Chapter 19
Seph
I stepped out of the locker room; the door slamming shut behind me like a warning. The sound echoed down the hall, sharp and final, but it didn’t drown out the pounding in my chest.
God, I couldn’t breathe.
I leaned against the cold wall, fingers digging into the brick like it could ground me—like it could pull me out of the storm he left in his wake.
Hades.
Those eyes. That voice. That impossible heat.
He’d looked at me like he knew. Like he could see straight through the anger I wore like armor and into the chaos underneath.
And I hated him for it.
But worse? I hated that I didn’t hate him enough.
Every step I took away from him made it harder to breathe, like I was walking with chains around my ribs. He’d pushed me—again. Pulled me too close, then let me walk away like it was a favor.

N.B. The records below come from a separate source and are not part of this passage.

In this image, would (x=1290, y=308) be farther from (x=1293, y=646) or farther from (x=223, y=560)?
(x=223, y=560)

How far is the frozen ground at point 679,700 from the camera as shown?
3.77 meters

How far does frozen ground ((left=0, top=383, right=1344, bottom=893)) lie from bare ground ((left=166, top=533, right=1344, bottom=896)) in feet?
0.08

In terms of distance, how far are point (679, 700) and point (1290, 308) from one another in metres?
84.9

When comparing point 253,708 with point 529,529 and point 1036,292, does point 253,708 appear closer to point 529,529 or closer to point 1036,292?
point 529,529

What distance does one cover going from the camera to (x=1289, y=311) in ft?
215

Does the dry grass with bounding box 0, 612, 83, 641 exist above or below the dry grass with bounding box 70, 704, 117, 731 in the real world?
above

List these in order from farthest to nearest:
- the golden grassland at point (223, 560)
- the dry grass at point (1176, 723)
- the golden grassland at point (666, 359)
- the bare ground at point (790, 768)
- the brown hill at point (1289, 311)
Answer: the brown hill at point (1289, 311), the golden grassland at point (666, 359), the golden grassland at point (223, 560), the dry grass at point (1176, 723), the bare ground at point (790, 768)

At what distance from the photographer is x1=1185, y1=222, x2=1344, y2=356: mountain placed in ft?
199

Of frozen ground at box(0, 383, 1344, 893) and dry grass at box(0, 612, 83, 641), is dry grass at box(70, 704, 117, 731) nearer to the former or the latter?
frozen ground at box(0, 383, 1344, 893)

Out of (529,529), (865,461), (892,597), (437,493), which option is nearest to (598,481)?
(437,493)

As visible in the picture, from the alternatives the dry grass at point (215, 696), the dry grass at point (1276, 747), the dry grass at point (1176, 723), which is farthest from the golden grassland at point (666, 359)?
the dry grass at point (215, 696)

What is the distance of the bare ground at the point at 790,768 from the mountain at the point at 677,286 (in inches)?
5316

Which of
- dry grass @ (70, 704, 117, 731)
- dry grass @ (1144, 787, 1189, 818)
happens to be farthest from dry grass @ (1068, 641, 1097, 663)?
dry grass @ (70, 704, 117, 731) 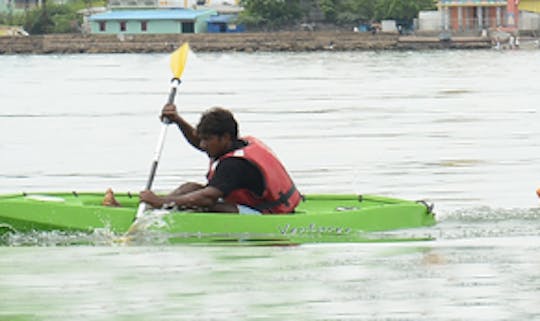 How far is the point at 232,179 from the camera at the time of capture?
12.2 metres

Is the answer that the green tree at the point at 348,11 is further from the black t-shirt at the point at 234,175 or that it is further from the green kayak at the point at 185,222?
the black t-shirt at the point at 234,175

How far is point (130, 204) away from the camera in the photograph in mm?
13234

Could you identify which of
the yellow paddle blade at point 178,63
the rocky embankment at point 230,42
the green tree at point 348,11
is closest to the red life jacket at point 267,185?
the yellow paddle blade at point 178,63

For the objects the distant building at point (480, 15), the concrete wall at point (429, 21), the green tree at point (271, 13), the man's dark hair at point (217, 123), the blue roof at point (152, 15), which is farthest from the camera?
the blue roof at point (152, 15)

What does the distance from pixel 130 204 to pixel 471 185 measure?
5699 mm

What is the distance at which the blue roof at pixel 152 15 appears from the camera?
3491 inches

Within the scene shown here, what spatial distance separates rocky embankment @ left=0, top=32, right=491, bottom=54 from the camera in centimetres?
8369

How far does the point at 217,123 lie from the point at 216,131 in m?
0.06

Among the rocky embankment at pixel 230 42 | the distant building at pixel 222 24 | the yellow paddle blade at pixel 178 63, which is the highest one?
the yellow paddle blade at pixel 178 63

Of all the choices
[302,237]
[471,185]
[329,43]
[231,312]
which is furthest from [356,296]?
→ [329,43]

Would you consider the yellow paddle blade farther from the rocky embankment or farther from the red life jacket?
the rocky embankment

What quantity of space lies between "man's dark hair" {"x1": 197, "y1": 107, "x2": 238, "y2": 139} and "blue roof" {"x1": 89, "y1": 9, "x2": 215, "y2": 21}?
250ft

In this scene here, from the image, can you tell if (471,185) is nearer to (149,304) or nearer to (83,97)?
(149,304)

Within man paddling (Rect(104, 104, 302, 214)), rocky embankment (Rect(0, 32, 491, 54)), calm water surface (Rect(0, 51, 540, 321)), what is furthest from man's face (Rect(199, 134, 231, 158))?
rocky embankment (Rect(0, 32, 491, 54)) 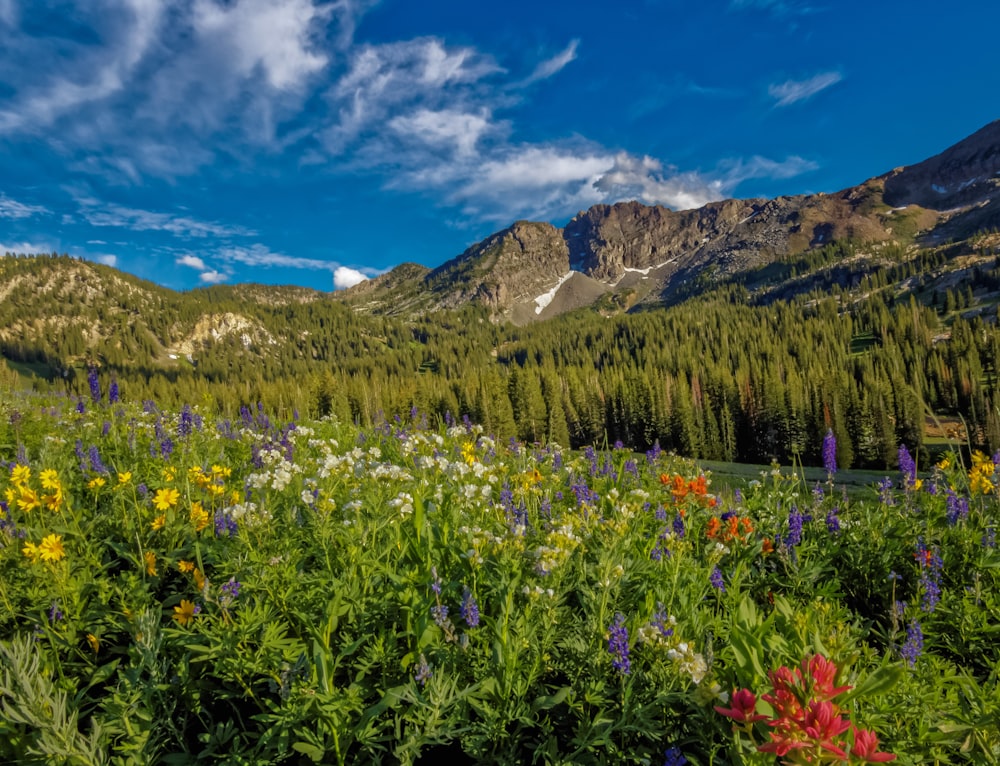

My wrist still tingled where he touched me.
I rubbed the spot like I could erase it. Like maybe if I scrubbed hard enough, I’d feel clean again. But I didn’t. I just felt owned. Marked.
Why the hell do you care?
He’s a man who thrives on chaos. Who wears cruelty like a crown. He doesn’t protect people—he owns them. Breaks them. Enjoys the sound they make when they shatter.
And yet…
What the hell just happened in that locker room?
I almost said it.
Almost whispered thank you like it would’ve made any of this better.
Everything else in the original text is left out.